I write this as a chef who builds side income on nights off, not as an accountant, so I will keep it grounded. The first time a payment platform form shows up in your inbox it can feel like an accusation. It is not. A 1099-K is a receipt, a big one, and your actual tax depends on what you net after expenses. The rest of this post walks through the current number, what the form really means, and the one mistake that blindsides side hustlers every spring.
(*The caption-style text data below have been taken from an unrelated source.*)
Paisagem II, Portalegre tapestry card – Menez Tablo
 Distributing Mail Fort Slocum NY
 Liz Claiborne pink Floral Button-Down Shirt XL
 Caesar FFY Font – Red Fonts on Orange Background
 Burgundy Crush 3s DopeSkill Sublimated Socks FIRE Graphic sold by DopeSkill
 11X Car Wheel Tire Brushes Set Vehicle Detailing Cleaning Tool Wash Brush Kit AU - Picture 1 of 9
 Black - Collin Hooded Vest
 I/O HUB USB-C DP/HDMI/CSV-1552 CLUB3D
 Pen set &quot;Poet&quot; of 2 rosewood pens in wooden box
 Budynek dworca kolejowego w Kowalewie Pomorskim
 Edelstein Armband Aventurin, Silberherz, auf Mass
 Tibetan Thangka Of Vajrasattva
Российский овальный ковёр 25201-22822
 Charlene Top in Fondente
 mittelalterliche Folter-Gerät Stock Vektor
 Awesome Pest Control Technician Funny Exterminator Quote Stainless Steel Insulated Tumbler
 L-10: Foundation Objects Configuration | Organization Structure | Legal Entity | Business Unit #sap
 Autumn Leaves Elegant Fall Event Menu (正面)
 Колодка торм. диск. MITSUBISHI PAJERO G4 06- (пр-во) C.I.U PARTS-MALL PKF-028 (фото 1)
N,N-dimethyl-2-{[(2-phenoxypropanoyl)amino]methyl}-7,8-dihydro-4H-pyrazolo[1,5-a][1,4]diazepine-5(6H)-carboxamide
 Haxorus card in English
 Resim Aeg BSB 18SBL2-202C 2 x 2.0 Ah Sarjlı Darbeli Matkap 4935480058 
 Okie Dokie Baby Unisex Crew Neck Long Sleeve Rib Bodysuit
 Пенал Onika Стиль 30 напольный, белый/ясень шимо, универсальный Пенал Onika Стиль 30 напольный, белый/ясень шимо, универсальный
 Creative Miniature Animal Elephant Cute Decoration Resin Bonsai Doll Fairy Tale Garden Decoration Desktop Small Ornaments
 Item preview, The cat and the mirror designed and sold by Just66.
What Is the 1099-K Threshold for 2026?
For 2026, a third-party payment platform must send you a 1099-K only when your gross payments cross both lines: more than $20,000 AND more than 200 transactions on that single platform in the year. The same threshold applies to the 2025 tax year forms landing in early 2026. That is the headline, and it is higher than a lot of people expect, because the rule kept changing.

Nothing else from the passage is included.